Seperti Tour Guide. Seperti Murobbi.
Seperti Sales. Seperti Pengacara.
Atau apapun. Seperti mereka yang memberi tahu suatu kebaikan. Tapi, tetap saja.
Sulit.
Bukan sulit. Hanya saja masalahnya di aku. Aku yang kadang hanya bisa
ber-Aaarrgghhh… kesal. Mengomel. Menceracau. Curhat. Nulis di blog. Update
status. Menangis. Atau hanya memendam dalam hati. Lagi-lagi
masalahnya di aku. Hanya bisa diam. Melihat. Mendengar. Sulit bertindak.
Aaaarrgghh… aku tahu masalahnya di aku.
Lihat saja disana. Oh bukan, disini. Di depan mata. Selaksa rasa
membuncah, mempertanyakan. Mengapa begini, mengapa begitu. Harusnya begini,
harusnya begitu.
Orang buang sampah sembarangan. Pengendara motor menerobos lampu merah.

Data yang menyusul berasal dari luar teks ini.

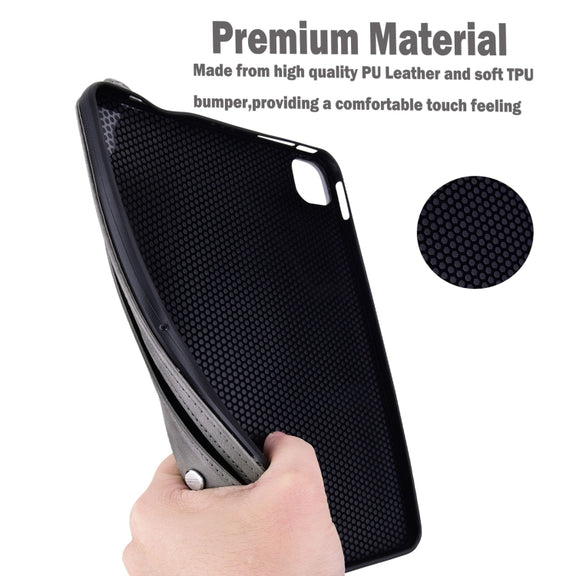 For Samsung Galaxy Tab S10 Ultra/ S11 Ultra TPU Leather Back Tablet Case with Wristband(Grey)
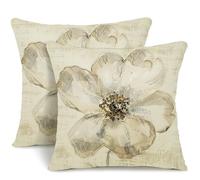 YCOLL Fundas Cojines 40x40 Juego de 2 Funda Cojin de Lino Cojines de Sofá Decorativos Floral Acuarela para Sofá Dormitorio Sala Estar Funda de Cojín Exterior 40x40cm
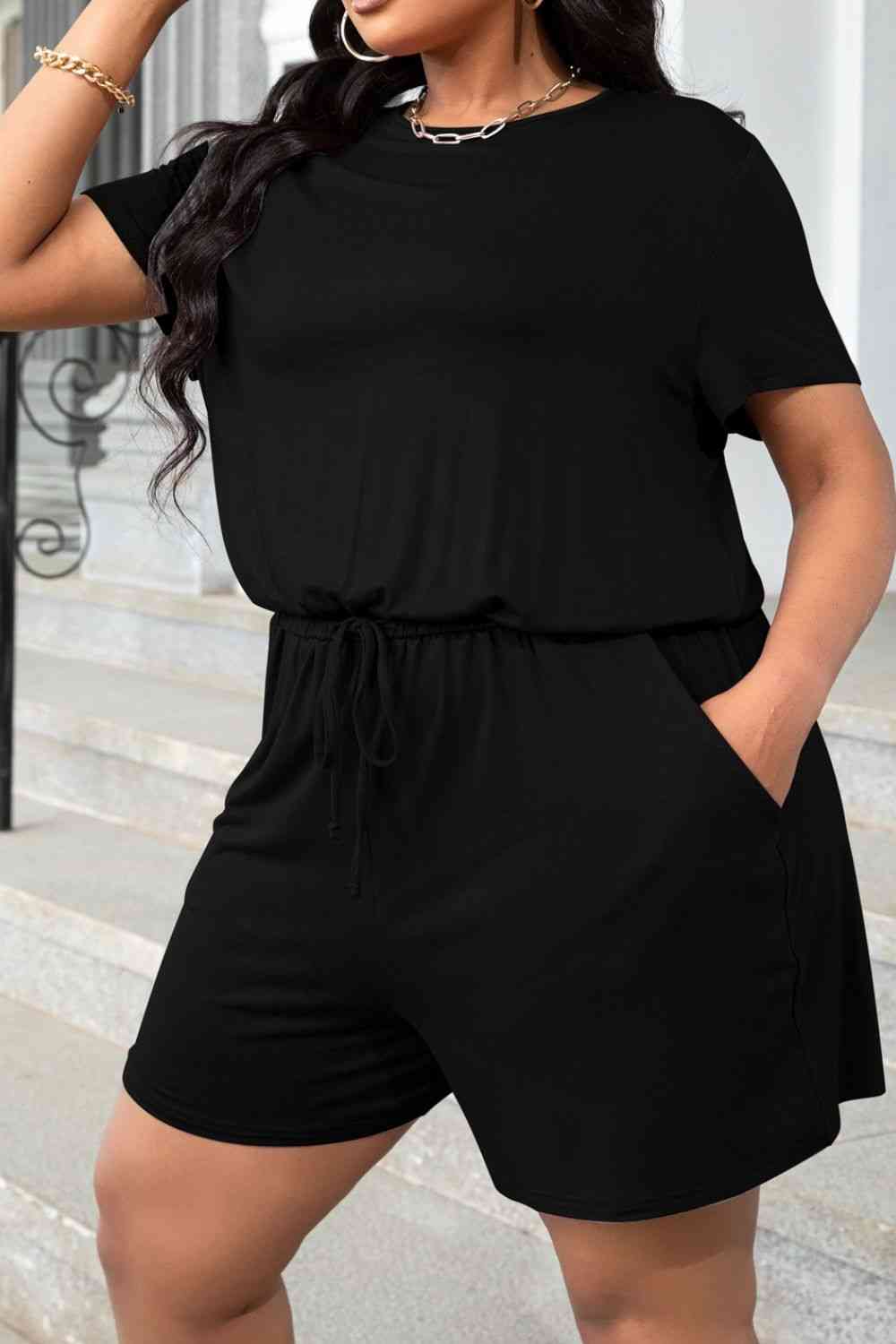 Drawstring Waist Romper with Pockets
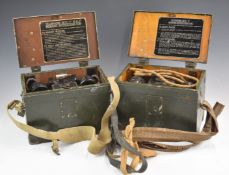 Two WW2 British field telephone sets 'F' Mk 1, with boxes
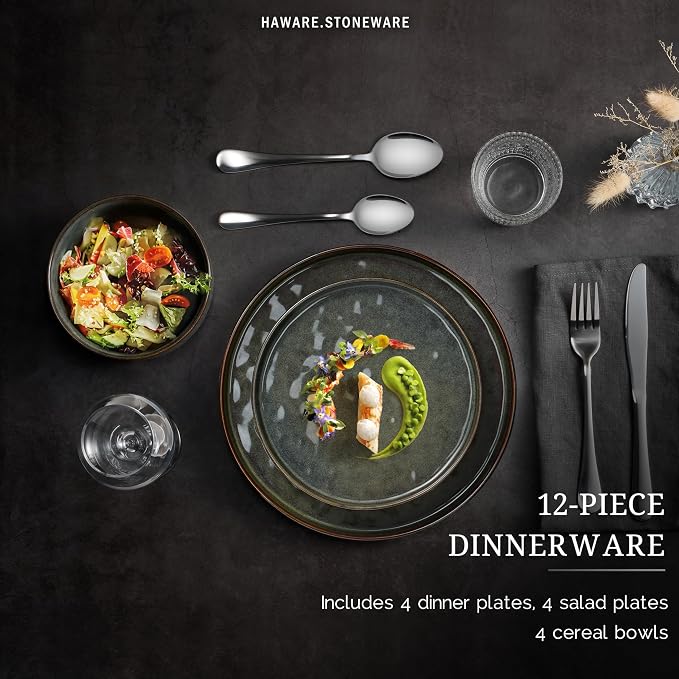 HaWare Dinnerware Sets, 12-Piece Plates and Bowls Set, Reactive Moss Green | - Image 3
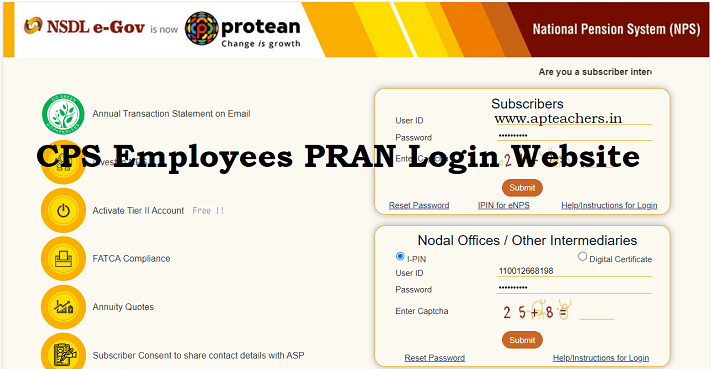 CPS Employees PRAN Login Website Direct Link cra-nsdl.com Official CPS Website 2022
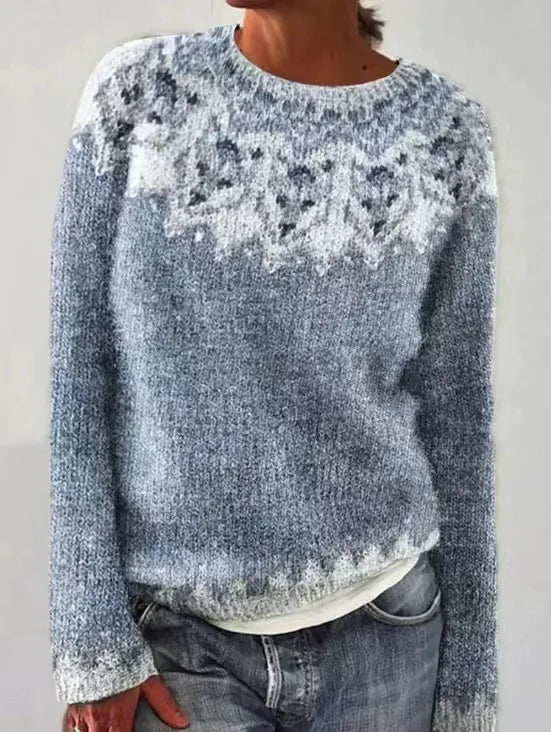 Victoria | Herbstpullover für Damen – Nordisches Muster, Weiche Wollmischung, Warm und Bequem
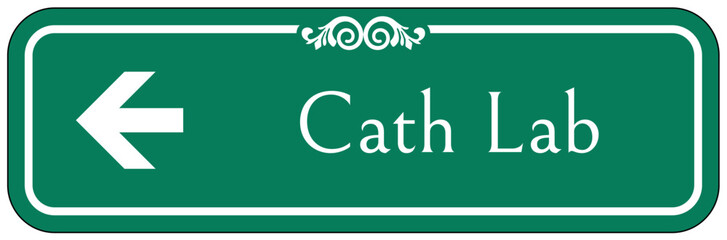 Hospital way finding sign CATH lab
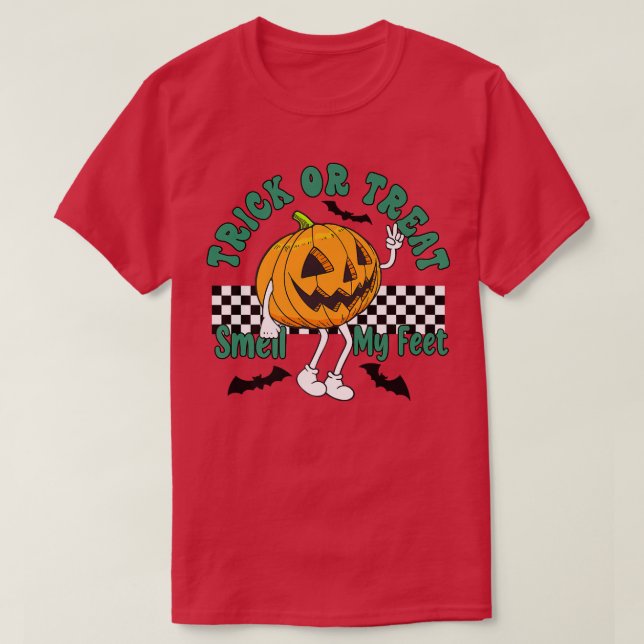 Trick oder behandeln Geruch meiner Füße Pumpkin Ki T-Shirt (Design vorne)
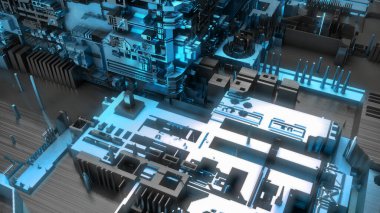 Devre kartı, mikroçipler, işlemciler ve diğer yüksek teknoloji parçaları. Fütürist teknoloji. Devre kartı mikro yapısı siber uzay. 3D bilim kurgu geçmişi. 3 boyutlu görüntüleme. Mavi parıltı.
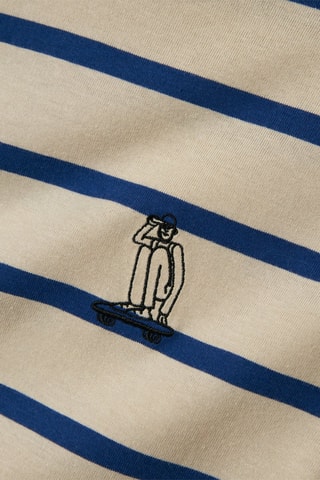 T-shirt em algodão biológico - Cru e azul-marinho - Name It Kids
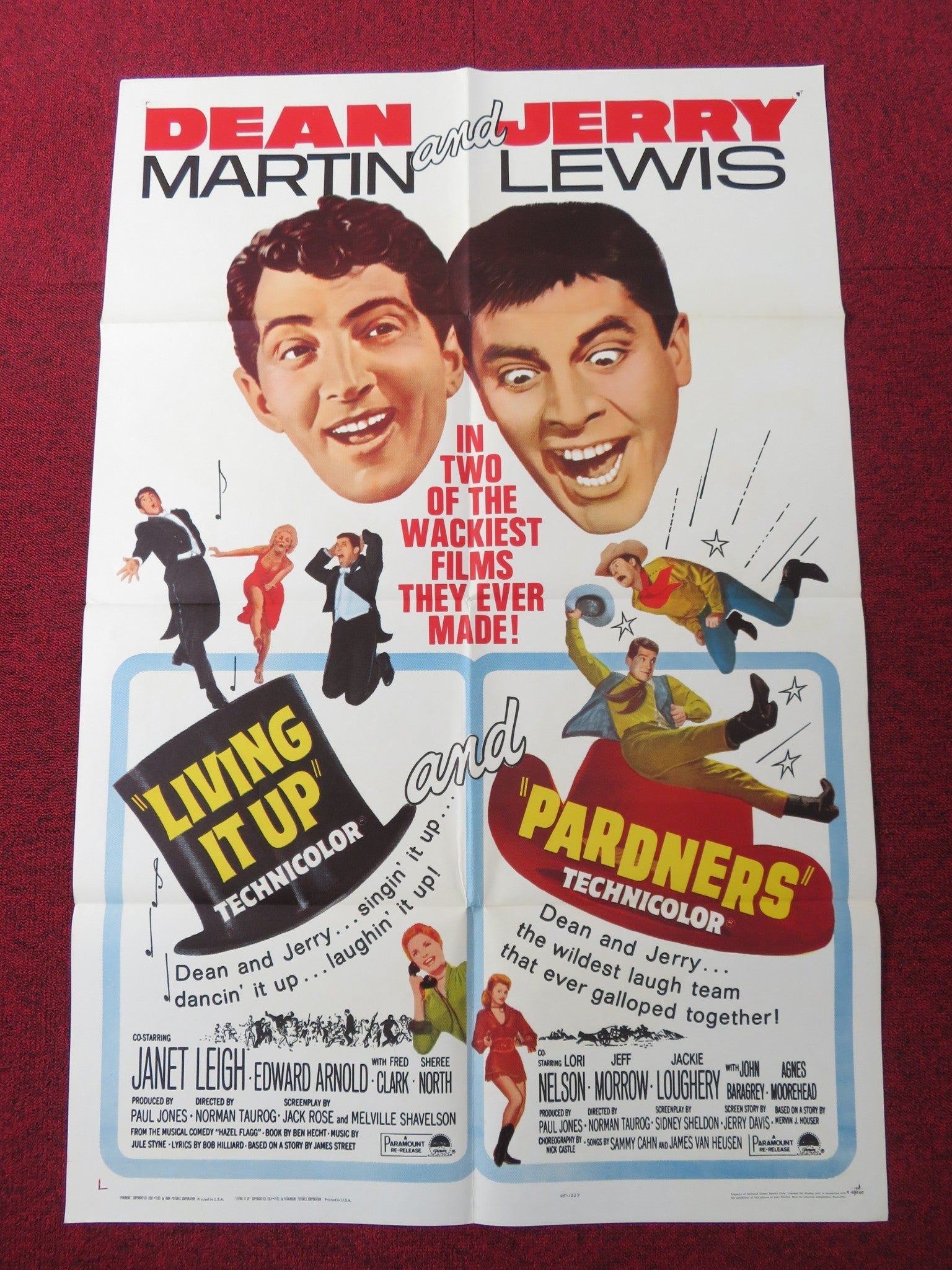 LIVING IT UP PARDNERS COMBO FOLDED US ONE SHEET POSTER DEAN MARTIN J. LEWIS 1965 Rendezvous Cinema Movie posters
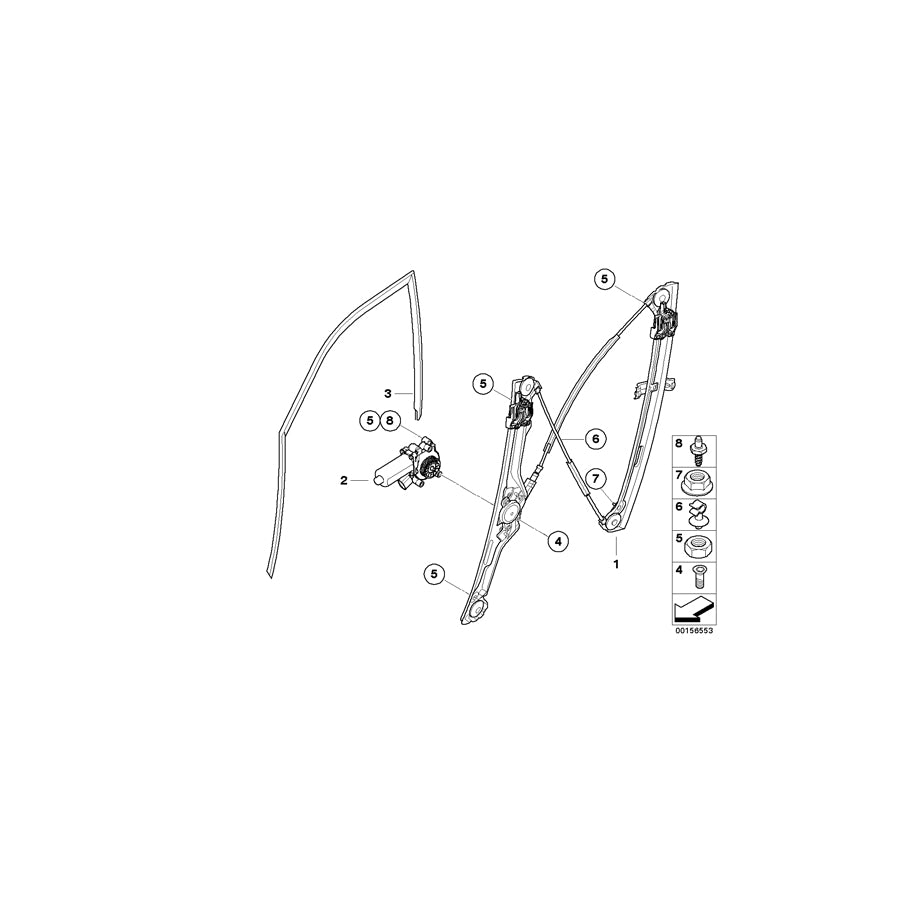 Genuine BMW 67627267691 E70 E72 E71 Drive Unit, Power Wind., Front/Rear Left (Inc. X6 40iX, X5 M50dX & X5 4.8i) | ML Performance EU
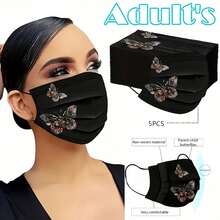 10/50pcs Black Disposable 4-Ply Women's Face Masks, Butterfly Print Pleated Masks With Elastic Ear Loops And Nose Clip, Fashionable Disposable Masks Suitable For Daily Wear, Work, Office, Travel And Outdoor Use - Multiple Styles - View 6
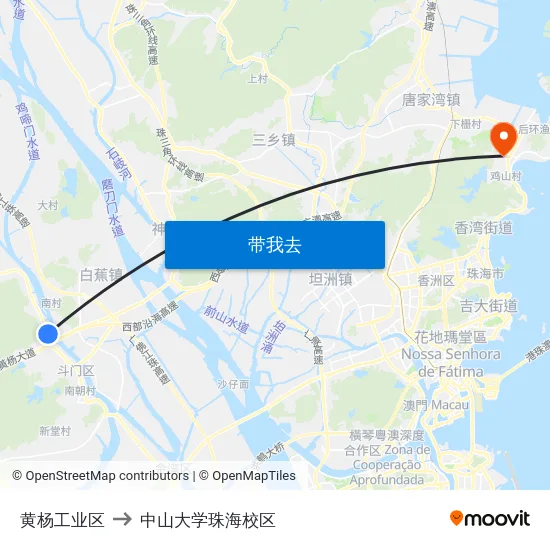 黄杨工业区 to 中山大学珠海校区 map
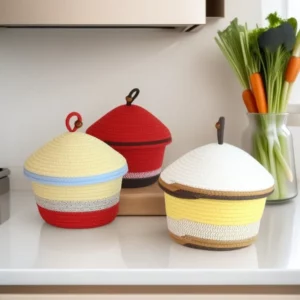 Woven Cotton Rope Storage Baskets-Fruits/Clothes/Toys Eco-Friendly Organizer for Home/Picnic/Camping Soft Textured & Stylish - Image 6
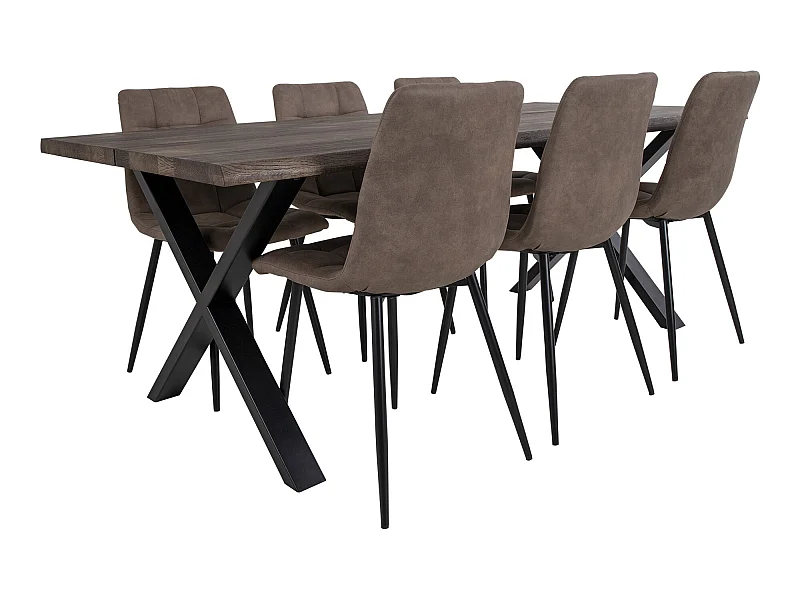 Tony eethoek , 1 eettafel en 6 stoelen lichtbruin en eik.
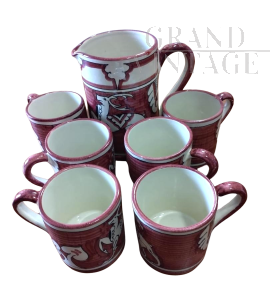 tage ceramic jug with 6 mugs by L.Ar.Ce Orvieto       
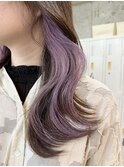 デザインカラー仕事や学校で隠せるインナーカラーラベンダー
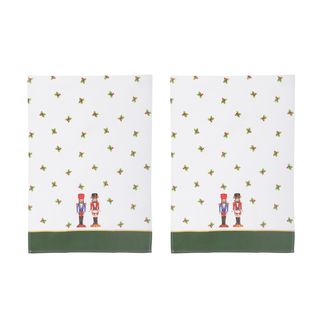 Set 2 strofinacci Schiaccianoci Natale - bianco in cotone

Perokok dimana-mana. Pejabat korupsi. Penipuan. Pencurian. Pemerkosaan. Aaaarrggghhh….
Lagi-lagi ber-Aaaarrggghh.. itu terjadi di Indonesiaku, di Serangku, di
Bogorku. Adakah amalku untuk memperbaiki itu?
Lihat saja disana. Oh tidak, disini. Di depan mata. Remaja bau kencur
berdua-duaan. Kesal sekali melihatnya. Lebih kesal lagi, kadang aku hanya
lewat. Melirik. Tersenyum getir. Aaarrrgghh… kenapa hanya diam. Tidak bisakah
berceramah seperti Khatib. Berpidato seperti Presiden. Mendidik seperti Guru.
Untuk kesekian kalinya ber-Aaarrgghh… Rasanya ingin salto saja. Garuk-garuk tanah.
Guling-guling di pasir. Jedotin kepala ke tembok. Kesal kesal kesal. Aaarrgghh…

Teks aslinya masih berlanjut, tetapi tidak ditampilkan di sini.